**SOURCE MATERIAL**
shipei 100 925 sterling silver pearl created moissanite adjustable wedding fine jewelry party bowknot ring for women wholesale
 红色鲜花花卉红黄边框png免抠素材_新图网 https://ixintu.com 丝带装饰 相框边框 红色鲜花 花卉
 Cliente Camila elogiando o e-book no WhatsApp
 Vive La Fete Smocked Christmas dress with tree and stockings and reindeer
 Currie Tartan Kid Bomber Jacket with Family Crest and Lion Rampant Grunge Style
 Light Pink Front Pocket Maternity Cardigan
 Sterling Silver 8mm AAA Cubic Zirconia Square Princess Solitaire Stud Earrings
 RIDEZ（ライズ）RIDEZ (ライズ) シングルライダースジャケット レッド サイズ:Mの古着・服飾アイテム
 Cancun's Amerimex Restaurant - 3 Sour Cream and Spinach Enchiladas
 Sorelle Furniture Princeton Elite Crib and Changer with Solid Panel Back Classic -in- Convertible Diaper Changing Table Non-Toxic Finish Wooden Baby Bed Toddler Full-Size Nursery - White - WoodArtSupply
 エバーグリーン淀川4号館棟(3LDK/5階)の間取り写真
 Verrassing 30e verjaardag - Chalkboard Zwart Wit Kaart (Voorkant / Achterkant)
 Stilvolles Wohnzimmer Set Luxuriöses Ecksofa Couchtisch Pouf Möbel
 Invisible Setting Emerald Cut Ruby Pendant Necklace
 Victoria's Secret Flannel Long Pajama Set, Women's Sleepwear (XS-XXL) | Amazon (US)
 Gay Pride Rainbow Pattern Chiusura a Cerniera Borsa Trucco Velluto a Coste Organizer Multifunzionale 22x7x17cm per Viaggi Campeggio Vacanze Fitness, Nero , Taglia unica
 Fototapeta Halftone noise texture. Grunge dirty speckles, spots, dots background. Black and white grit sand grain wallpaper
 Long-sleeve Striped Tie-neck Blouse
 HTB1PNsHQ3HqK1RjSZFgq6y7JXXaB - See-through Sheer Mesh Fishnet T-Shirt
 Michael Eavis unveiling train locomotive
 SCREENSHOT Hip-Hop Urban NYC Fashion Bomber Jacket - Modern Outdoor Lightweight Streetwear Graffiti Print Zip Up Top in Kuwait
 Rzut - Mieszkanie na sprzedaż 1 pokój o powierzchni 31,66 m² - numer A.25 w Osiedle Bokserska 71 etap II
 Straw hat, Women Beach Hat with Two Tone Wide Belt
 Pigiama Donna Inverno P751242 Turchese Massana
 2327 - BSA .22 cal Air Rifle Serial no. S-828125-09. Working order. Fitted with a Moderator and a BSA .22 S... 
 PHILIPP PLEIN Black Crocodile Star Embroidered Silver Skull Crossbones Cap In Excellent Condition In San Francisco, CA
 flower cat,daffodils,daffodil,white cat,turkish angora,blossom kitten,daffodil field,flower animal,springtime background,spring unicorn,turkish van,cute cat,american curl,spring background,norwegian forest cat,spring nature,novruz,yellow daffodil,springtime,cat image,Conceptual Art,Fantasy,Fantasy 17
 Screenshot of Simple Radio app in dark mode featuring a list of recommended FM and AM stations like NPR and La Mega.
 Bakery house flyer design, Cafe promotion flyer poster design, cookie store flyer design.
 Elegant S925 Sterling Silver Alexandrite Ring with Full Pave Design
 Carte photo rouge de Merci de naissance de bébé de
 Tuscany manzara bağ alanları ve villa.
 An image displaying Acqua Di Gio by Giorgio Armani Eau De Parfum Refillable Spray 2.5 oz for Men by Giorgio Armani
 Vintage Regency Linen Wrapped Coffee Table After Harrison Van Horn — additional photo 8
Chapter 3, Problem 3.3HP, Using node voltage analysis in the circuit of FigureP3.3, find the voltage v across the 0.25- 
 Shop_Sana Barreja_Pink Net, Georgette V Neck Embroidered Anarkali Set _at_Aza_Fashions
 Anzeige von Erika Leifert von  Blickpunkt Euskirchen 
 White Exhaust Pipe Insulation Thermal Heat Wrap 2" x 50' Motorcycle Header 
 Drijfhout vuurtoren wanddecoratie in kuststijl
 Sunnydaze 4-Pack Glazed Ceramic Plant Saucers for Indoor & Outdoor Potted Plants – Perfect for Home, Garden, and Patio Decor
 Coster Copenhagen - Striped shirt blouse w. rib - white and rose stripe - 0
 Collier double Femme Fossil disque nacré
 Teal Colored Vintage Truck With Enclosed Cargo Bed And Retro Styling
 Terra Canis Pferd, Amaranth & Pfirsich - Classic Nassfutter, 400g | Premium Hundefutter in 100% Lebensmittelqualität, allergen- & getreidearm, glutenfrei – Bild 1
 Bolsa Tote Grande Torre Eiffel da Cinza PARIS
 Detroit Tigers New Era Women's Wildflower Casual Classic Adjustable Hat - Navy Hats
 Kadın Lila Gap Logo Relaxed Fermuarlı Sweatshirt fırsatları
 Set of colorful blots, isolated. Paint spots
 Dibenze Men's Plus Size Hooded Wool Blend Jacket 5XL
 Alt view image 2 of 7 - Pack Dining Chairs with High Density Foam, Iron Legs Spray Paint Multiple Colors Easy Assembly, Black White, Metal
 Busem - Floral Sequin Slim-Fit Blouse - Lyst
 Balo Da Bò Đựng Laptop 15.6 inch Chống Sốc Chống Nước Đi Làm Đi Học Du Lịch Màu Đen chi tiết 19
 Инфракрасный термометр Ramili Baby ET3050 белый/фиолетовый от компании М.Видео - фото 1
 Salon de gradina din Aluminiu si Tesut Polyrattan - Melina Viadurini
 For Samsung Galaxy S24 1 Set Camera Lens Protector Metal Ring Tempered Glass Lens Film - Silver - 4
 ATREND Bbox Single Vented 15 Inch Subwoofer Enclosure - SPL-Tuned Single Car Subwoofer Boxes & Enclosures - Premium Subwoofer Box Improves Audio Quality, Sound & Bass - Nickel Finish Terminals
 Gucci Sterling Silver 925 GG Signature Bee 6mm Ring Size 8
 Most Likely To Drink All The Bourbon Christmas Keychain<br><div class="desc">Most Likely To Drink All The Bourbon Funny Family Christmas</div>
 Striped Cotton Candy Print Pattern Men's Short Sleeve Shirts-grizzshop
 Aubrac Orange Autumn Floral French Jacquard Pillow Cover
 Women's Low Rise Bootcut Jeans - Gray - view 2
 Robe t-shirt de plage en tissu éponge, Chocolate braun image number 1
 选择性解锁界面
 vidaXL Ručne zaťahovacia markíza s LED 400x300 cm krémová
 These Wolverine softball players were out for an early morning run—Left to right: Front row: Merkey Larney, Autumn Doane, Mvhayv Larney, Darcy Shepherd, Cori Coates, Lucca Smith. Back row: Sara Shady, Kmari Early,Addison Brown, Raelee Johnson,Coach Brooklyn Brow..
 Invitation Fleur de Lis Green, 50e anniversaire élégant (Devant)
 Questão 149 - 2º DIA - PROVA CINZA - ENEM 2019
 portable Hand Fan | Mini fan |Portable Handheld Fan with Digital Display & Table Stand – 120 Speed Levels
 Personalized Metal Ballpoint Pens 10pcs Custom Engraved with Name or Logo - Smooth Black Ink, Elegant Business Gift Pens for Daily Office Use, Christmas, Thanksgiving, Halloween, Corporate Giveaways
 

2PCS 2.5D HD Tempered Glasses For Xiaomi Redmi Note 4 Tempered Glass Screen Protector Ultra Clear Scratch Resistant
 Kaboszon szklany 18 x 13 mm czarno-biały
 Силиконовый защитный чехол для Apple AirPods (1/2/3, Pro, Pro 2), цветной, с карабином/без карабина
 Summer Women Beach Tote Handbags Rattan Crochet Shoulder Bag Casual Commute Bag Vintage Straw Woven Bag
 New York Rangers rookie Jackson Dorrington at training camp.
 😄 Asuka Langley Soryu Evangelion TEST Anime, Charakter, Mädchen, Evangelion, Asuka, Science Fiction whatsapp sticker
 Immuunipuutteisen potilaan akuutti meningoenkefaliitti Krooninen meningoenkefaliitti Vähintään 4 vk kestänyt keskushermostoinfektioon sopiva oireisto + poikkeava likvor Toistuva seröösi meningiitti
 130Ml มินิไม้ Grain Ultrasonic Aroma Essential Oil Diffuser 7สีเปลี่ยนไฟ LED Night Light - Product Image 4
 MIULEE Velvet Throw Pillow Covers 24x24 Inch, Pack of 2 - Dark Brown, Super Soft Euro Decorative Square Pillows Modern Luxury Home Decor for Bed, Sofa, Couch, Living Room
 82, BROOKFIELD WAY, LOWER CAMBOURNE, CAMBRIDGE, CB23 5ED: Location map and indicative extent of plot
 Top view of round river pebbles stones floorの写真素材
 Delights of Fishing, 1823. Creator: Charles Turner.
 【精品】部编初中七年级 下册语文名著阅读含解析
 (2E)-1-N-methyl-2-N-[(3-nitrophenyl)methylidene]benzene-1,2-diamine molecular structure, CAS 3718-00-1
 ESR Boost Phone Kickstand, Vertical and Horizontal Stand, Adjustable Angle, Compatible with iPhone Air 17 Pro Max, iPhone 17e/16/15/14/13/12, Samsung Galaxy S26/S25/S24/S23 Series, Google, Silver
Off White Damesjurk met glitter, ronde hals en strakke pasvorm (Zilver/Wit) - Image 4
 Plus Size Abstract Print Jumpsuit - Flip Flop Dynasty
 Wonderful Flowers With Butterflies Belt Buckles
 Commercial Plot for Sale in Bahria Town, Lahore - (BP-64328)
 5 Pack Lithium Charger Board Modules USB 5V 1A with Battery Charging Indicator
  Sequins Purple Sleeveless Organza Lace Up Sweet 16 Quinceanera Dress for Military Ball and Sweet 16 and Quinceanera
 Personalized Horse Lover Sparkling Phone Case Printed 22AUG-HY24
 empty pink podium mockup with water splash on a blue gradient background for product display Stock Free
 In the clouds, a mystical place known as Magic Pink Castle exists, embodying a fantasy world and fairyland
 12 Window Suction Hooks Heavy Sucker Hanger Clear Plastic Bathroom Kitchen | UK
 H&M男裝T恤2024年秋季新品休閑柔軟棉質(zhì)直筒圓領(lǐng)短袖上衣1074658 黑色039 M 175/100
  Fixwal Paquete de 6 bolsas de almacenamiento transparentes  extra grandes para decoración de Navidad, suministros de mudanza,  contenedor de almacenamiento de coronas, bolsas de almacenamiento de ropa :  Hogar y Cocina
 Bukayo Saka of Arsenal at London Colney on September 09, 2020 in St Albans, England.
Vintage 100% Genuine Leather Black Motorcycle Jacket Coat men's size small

**TASK GOAL**
Up to and including the line with "Sterling Silver 8mm", repeat the data exactly, starting from its first line; nothing else belongs in the response.

**RESPONSE TO THIS TASK**
shipei 100 925 sterling silver pearl created moissanite adjustable wedding fine jewelry party bowknot ring for women wholesale
 红色鲜花花卉红黄边框png免抠素材_新图网 https://ixintu.com 丝带装饰 相框边框 红色鲜花 花卉
 Cliente Camila elogiando o e-book no WhatsApp
 Vive La Fete Smocked Christmas dress with tree and stockings and reindeer
 Currie Tartan Kid Bomber Jacket with Family Crest and Lion Rampant Grunge Style
 Light Pink Front Pocket Maternity Cardigan
 Sterling Silver 8mm AAA Cubic Zirconia Square Princess Solitaire Stud Earrings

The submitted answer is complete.